Çürümüş politik bağlantılar

» ‘Sanığın çürümüş politik bağlantıları’ başlıklı bölümde, şu ifadeler yer alıyor: “Sanık muazzam servetini sadece evler, yatlar ve diğer varlıkları için değil aynı zamanda çürümüş politikacılara ulaşmak için de kullandı. 2013 yılında Türkiye’de tutuklanan Sarraf, yasadışı işlerini yürütmek için üst düzey Türk yetkililere rüşvet vermekle suçlandı. 72 günlük gözaltından sonra hakkındaki suçlamalar düşürülerek salıverildi. Sonrasında soruşturmayı yürüten savcı ve polisler tayin ettirildi, kovuldu ya da tutuklandı ve yargılandılar.”

***

Sarraf’ın rüşvet ağı detaylarıyla anlatılıyor

• Rıza Sarraf liderliğindeki örgütün, Zafer Çağlayan, Muammer Güler, Egemen Bağış ve Süleyman Aslan ile örgüt faaliyeti çerçevesinde haksız maddi menfaat ilişkisi geliştirdiği, bu kapsamda Çağlayan ve Güler yöneticiliğinde iki ayrı gurubun, Rıza Sarraf liderliğindeki örgütle rüşvet suçunu işleme amacıyla ve tek bir organizasyonun çatısı altında bir birliktelik sergiledikleri, bu örgütlerin rüşvet vermek ve rüşvet almak suçlarını belli bir hiyerarşi ve koordinasyon ağıyla, sürekli olarak işledikleri belirlenmiştir.

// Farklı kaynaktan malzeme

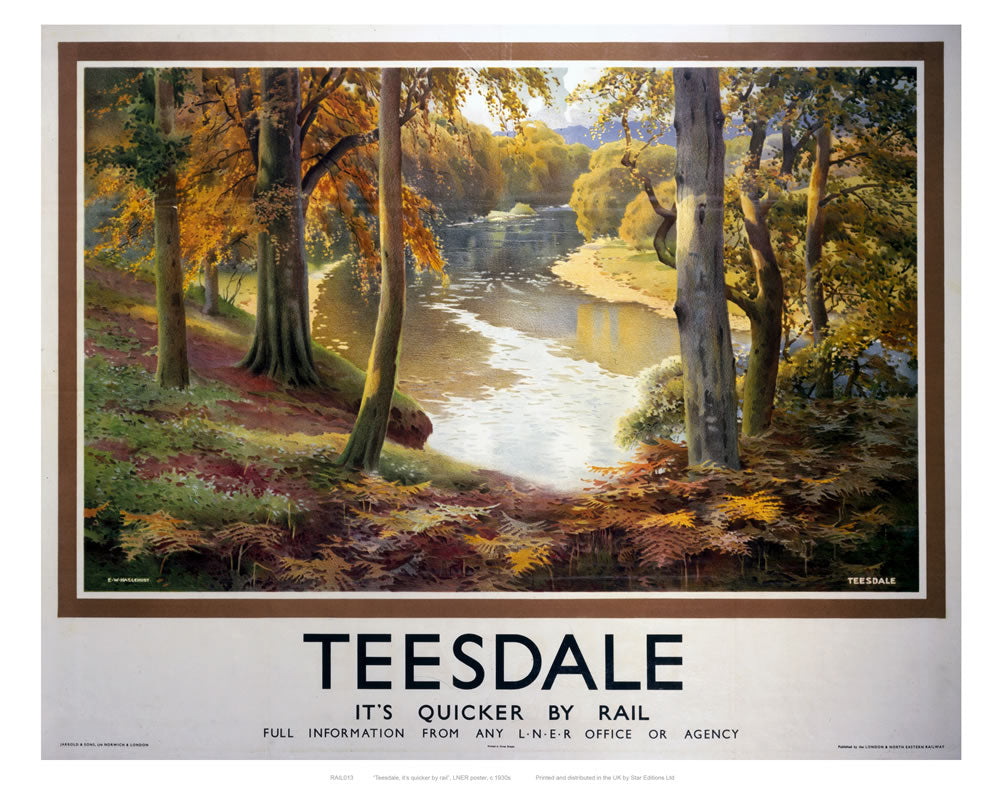 Teesdale 24" x 32" Matte Mounted Print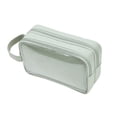 thumbnail image 1 of Pencil Pouch Pen Case Stationery Bag with Clear Insert for Teens College Students (Mint Green), 1 of 8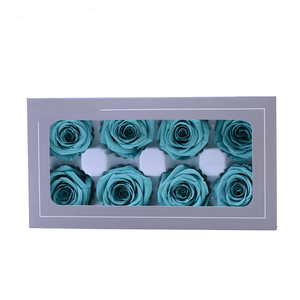 Grade B Fabriqué à la main 1.57-1.97in Bouquets de tête de rose conservés avec 8 fleurs séchées pour bricolage Noël Pâques Décor en gros - Product Image 3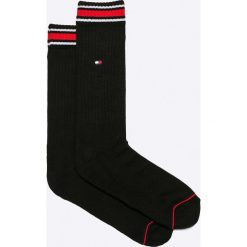 Tommy Hilfiger - Skarpety Iconic (2-pack). Czarne skarpetki męskie TOMMY HILFIGER, z bawełny. Za 54,90 zł.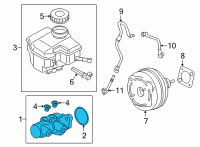 OEM BMW M440i REPAIR KIT BRAKE MASTER CYLI Diagram - 34-33-6-892-205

• ’Bahse konu örgütlerin tek bir irtibat ağı altında, Sarraf’ın liderliğindeki suç örgütünün eylemleri doğrultusunda rüşvet faaliyetleri gerçekleştirdikleri anlaşıldığı’ da ifade ediliyor. “Bu kapsamda Rıza Sarraf liderliğindeki suç örgütünün; sahtecilik, altın kaçakçılığı, rüşvet, fuhşa aracılık etmek suçlarını işlediği anlaşılmıştır” deniyor.

• Sarraf’ın rüşvet dosyalarında; Mart 2012 – Ağustos 2013 arasında Zafer Çağlayan’a 32 milyon avro, 10 milyon dolar, 300 bin İsviçre Frankı (nakit, saat, değerli taşlar ve piyano) Nisan 2013 – Ekim 2013 arasında Muammer Güler’e 5.8 milyon avro, Egemen Bağış’a 500 bin dolar, Süleyman Aslan’a 2.5 milyon avro ve 1.4 milyon dolar rüşvet verildiği iddiaları yer alıyor.

• Ekte, 2013’ün nisan ve ekim ayları arasında Sarraf’ın Güler’e yaptığı ödemelerin listesi de yer aldı. Toplamda 5 milyon 800 bin dolar rüşvet verildiği öne sürüldü.

• Bharara’nın dosyasına giren fezlekede, Muammer Güler’in İçişleri Bakanı olmasının hemen ardından Sarraf ve Rüçhan Bayar arasında, Güler’le ilgili geçen, “Çin’e de bağlantı kurar”, “Abimin vatandaşlık işine de el atarsın” ve “Mamasız olmaz” ifadelerinin de kullanıldığı diyalog sonrası, “Çin bankaları nezdindeki paravan işlemlerde yaşanan sıkıntıların çözülmesi amacıyla Muammer Güler adına referans mektubu hazırlandığı ve Rıza Sarraf’ın ağabeyi ve örgüt yöneticilerinden Muhammed Sarraf’ın istisnai yoldan Türk Vatandaşlığına alındığı anlaşılmıştır” deniliyor.

• Fezlekede Sarraf ve Güler’in yüz yüze görüşmeleri sırasında, Güler’in 1,5 milyon dolar istediği iddiası da yer alıyor. “Rüşvete aracılığın takibini yapacak Barış Güler’e de ‘danışmanlık’ adı altında maddi menfaat sağlanacağı konusunda anlaşmaya varıldığı anlaşılmıştır” deniliyor.

• Fezlekede Sarraf’ın vergi usulsüzlüğüyle ilgili Bugün ve Yeni Şafak gazetelerinde haber çıkmasının nasıl engellendiği de anlatılıyor. Söz konusu haberlerden birinin çıkmasının engellenmesinin ardından, Egemen Bağış’ın evine 500 bin dolar yollandığı iddialar arasında.